This particular man was sexy and smart and successful -- the "big three." We clicked right away and threw ourselves into a dating frenzy, seeing each other four times a week from the start. One of the pleasures of finding him was that I did not have to endure the horrors of the dating world. Finally, I had a respite from random dating and its depressing consequences.

About six weeks into our relationship, my guy suggested that I meet his children for lunch. We are both over 55, so neither of us had children living at home. He even had grandchildren. But this was still a difficult request.

For a woman, meeting the children is a major event that is fraught with danger. No matter their age, most kids are too selfish to see you as the key to their father's future happiness. Instead, you are a competitor for his affection, attention and money.

This is especially the case with daughters. The words "Daddy's Little Girl" should be tattooed daughters' arms as a warning to anyone who tries to get close. Even after they are married, some girls believe that they own their fathers. The new girlfriend must approach them diplomatically and humbly, and at the same time, please their boyfriend by being attentive and flirty. It is a difficult balancing act.

My guy had two daughters, both married and living in Los Angeles. We meet for lunch in a trendy trattoria. Both girls were pretty blonds. The older one, a 32-year-old with a child, was far more suspicious of me than the more relaxed "baby" of 28. I decided to be light and breezy and self-deprecating, but it would not have mattered if I had been the next Mother Theresa -- I was the evil witch out to snare their father for his money, which was rightfully theirs.

Over their plates of pasta, they made one snide comment after another in response to my neutral questions as they glowered at me. But their father beamed with pride. It was not that he supported their obnoxious behavior. It was just that he was blind and deaf to it all.

I saw a bleak future with these brats flash before me. After almost two hours of abuse and snickering, I invented a doctor's appointment and excused myself from the luncheon from hell.

Within 10 minutes, there was a call from my guy. He was raving about how wonderful his daughters were. He said that they have never been warm to any woman that he had dated because they had trouble accepting the divorce. He found this to be adorable.

But it was not. He had been divorced for ten years and had dated scores of women. These daughters were not 13-year-olds. They had their own lives and husbands and needed to move on and stop feeling threatened by their father's love life. And a father who found this behavior to be not just acceptable but loving and cute was a major problem. I did not want any part of this drama.

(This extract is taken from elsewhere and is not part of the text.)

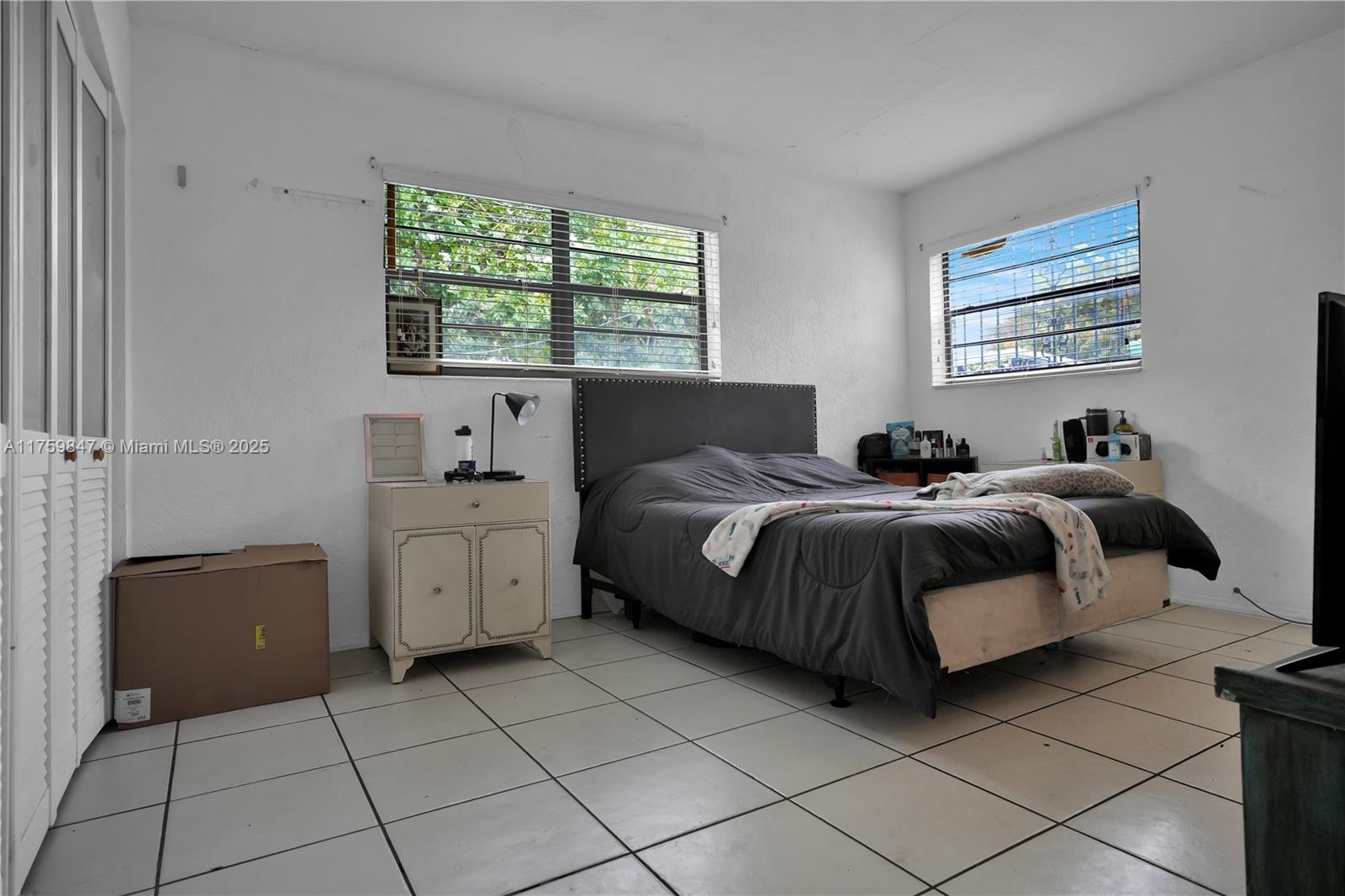 Listing Photo 9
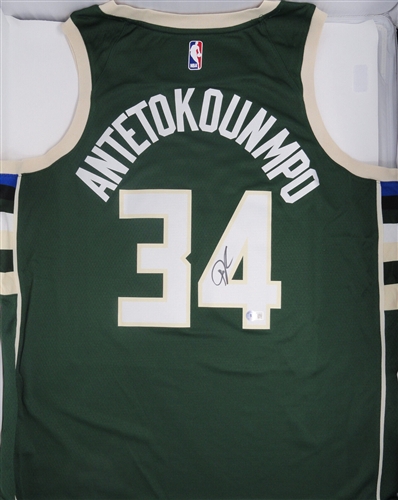 GIANNIS ANTETOKOUNMPO SIGNED NIKE SWINGMAN GREEN JERSEY - BAS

I decided to end the relationship. To be confronted with so much hostility was not something that I was willing to take on. I realized that I wanted to be around mature adults who valued a loving companion for their father and were not so self-centered as to see me as a threat. And I wanted a companion who would protect and defend me from undeserved criticism and meanness. I had at least learned valuable lessons for the future.